**PROBLEM DESCRIPTION:** Reproduce word for word every line of the entries below, from the line containing "Stripe Oversize Sweatshirt and Shorts Set" through the final line, and nothing else.

**MATERIAL TO PROCESS:**
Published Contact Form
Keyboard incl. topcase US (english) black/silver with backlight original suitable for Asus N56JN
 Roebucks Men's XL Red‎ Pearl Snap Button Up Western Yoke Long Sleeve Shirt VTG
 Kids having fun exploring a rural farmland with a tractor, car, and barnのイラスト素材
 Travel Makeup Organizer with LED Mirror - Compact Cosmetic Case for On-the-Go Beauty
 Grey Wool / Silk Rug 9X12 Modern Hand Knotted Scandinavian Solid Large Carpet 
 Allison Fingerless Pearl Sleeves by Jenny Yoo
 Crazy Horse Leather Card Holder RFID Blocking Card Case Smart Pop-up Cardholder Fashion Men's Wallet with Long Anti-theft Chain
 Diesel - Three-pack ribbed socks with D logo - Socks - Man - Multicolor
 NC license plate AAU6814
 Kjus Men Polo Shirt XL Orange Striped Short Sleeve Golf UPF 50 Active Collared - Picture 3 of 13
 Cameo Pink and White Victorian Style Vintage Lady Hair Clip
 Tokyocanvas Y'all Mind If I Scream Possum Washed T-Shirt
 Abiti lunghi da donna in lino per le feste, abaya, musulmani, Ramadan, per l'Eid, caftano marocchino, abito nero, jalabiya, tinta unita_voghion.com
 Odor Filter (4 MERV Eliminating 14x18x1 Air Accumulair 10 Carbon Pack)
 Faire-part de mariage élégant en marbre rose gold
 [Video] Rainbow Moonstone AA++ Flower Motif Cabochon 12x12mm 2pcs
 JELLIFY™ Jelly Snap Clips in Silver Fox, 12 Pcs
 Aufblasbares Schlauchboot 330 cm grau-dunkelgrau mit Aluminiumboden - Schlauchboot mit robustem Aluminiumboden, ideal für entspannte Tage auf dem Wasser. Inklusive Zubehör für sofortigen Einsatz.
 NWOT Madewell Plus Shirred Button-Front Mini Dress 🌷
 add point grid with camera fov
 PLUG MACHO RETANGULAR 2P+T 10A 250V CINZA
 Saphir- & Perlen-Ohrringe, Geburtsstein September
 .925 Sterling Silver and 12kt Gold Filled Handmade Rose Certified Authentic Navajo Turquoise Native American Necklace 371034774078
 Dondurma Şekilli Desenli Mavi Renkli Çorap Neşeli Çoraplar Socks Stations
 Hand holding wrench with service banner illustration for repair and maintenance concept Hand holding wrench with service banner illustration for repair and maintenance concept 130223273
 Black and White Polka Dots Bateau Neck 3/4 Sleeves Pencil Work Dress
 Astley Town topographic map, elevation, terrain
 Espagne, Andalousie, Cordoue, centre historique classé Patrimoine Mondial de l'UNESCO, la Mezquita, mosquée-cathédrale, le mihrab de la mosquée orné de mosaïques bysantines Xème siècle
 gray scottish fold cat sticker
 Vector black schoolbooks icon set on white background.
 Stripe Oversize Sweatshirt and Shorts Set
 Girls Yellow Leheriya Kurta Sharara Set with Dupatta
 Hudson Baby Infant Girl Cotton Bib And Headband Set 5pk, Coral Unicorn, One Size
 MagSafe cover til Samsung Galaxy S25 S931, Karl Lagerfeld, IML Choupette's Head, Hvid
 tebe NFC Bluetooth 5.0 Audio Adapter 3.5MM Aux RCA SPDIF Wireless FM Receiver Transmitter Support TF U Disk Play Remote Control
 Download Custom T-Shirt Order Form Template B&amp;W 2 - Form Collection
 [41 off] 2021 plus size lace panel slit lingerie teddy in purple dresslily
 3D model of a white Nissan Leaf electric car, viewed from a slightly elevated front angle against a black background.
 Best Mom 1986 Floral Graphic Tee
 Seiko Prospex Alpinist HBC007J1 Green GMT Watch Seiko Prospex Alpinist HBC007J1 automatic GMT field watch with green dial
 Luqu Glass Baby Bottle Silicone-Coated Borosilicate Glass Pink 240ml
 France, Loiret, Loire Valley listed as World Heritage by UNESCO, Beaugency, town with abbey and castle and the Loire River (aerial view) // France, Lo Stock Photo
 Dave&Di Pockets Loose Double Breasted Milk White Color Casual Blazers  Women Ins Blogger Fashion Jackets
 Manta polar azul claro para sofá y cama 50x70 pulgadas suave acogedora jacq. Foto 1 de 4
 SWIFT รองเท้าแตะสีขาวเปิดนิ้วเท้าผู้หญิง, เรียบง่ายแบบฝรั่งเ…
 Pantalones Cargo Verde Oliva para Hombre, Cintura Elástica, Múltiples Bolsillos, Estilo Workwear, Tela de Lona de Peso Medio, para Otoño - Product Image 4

**EXERCISE RESULT:**
 Stripe Oversize Sweatshirt and Shorts Set
 Girls Yellow Leheriya Kurta Sharara Set with Dupatta
 Hudson Baby Infant Girl Cotton Bib And Headband Set 5pk, Coral Unicorn, One Size
 MagSafe cover til Samsung Galaxy S25 S931, Karl Lagerfeld, IML Choupette's Head, Hvid
 tebe NFC Bluetooth 5.0 Audio Adapter 3.5MM Aux RCA SPDIF Wireless FM Receiver Transmitter Support TF U Disk Play Remote Control
 Download Custom T-Shirt Order Form Template B&amp;W 2 - Form Collection
 [41 off] 2021 plus size lace panel slit lingerie teddy in purple dresslily
 3D model of a white Nissan Leaf electric car, viewed from a slightly elevated front angle against a black background.
 Best Mom 1986 Floral Graphic Tee
 Seiko Prospex Alpinist HBC007J1 Green GMT Watch Seiko Prospex Alpinist HBC007J1 automatic GMT field watch with green dial
 Luqu Glass Baby Bottle Silicone-Coated Borosilicate Glass Pink 240ml
 France, Loiret, Loire Valley listed as World Heritage by UNESCO, Beaugency, town with abbey and castle and the Loire River (aerial view) // France, Lo Stock Photo
 Dave&Di Pockets Loose Double Breasted Milk White Color Casual Blazers  Women Ins Blogger Fashion Jackets
 Manta polar azul claro para sofá y cama 50x70 pulgadas suave acogedora jacq. Foto 1 de 4
 SWIFT รองเท้าแตะสีขาวเปิดนิ้วเท้าผู้หญิง, เรียบง่ายแบบฝรั่งเ…
 Pantalones Cargo Verde Oliva para Hombre, Cintura Elástica, Múltiples Bolsillos, Estilo Workwear, Tela de Lona de Peso Medio, para Otoño - Product Image 4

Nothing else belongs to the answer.